Monday, January 24, 2011

CENTC Undergraduate Summer Research Program Accepting Applications

Applications are now available for the CENTC Undergraduate Summer Research Program. Undergraduate fellowships are available to conduct research at a choice of CENTC’s 12 locations during the summer of 2011. The program is 10 weeks long, running from June 13, 2011 through August 19, 2011. Fellows will receive a stipend and compensation for travel and housing. For more information and to download an application, visit:
http://depts.washington.edu/centc/education_ur.htm

Tuesday, January 18, 2011

Melanie Sanford named AAAS Fellow

CENTC researcher, Professor Melanie Sanford, has been elected as a Fellow of the American Association for the Advancement of Science (AAAS). AAAS recognizes Fellows for their contributions to science and technology. Prof. Sanford is honored for distinguished contributions to the fields of organic, organometallic, and inorganic chemistry, particularly the development and mechanistic study of new transition metal catalyzed reactions.

Read the full list of elected AAAS Fellows.

For more information about Melanie Sanford and her research, please visit her faculty page and research group website.

Monday, January 10, 2011

A novel route to key aromatics

CENTC researchers have found a new way to create aromatic compounds from straight chains of hydrocarbons by using an iridium-based catalyst. The reaction takes place at much lower temperatures than the conventional way of producing aromatic molecules from hydrocarbon chains and with a much higher degree of control over the end products, some of which are difficult or impossible to obtain by standard routes.

Aromatics are key building block molecules for the chemical industry. They are currently produced mainly by a process of catalytic reforming of petroleum feedstocks, which is carried out at temperatures of around 500°C, and produces a complex mixture of molecules that need to be subsequently separated.

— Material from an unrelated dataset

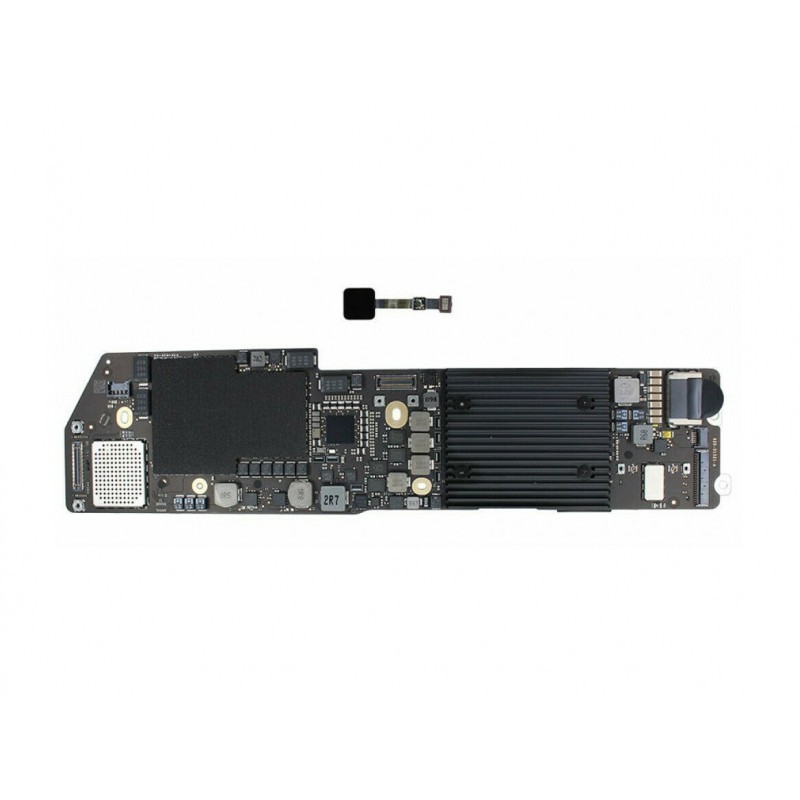carte-mère Macbook air 13 pouces A2179 core i5 1.6 Ghz 8 Go 256 Go 2018 carte-mère Macbook air 13 pouces A2179 core i5 1.6 Ghz 8 Go 256 Go 2018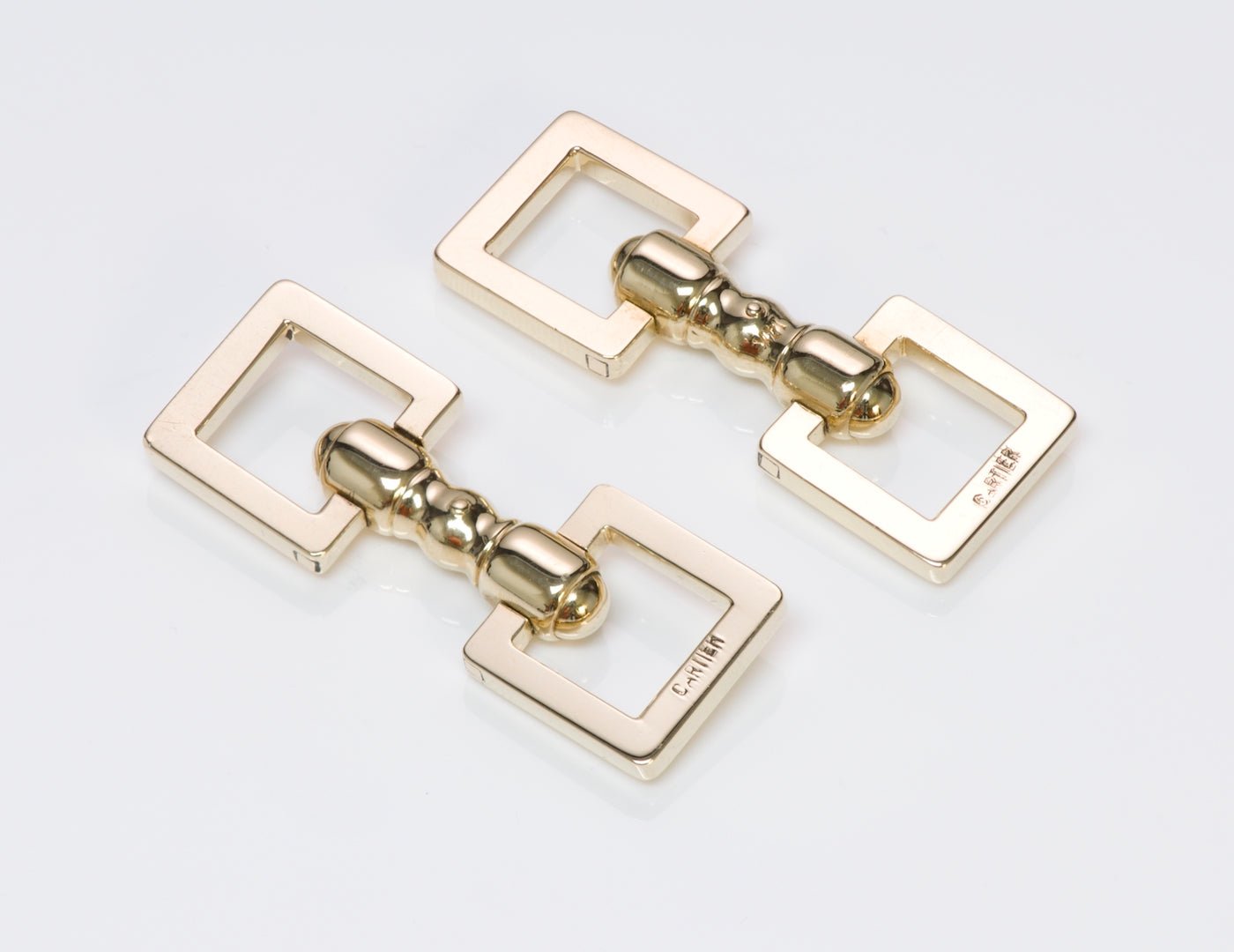 Cartier Cufflinks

Now a team led by Alan Goldman of Rutgers University and Maurice Brookhart of the University of North Carolina at Chapel Hill has shown that it is possible to produce aromatic molecules from their straight-chain counterparts, n-alkanes, at temperatures several hundred degrees lower than other methods.

Pincer-ligated iridium complex
(Photo: Nature Chem.)
The key to the process is a pincer-ligated iridium complex that acts as a homogeneous catalyst. Here, iridium is clamped by three arms contained within a phosphine-based cage. 'This makes it very stable, allowing it to be heated to the temperatures we need, close to 200°C,' says Brookhart.

When an alkane is introduced to the catalyst, the iridium inserts itself between a C-H bond and pries the hydrogen away, presenting it to a hydrogen acceptor - in this case t-butylethylene. This results in the generation of a double bond within the carbon chain. The process is repeated twice more, creating a triene, which then undergoes cyclisation followed by loss of an additional equivalent of hydrogen to produce the aromatic product.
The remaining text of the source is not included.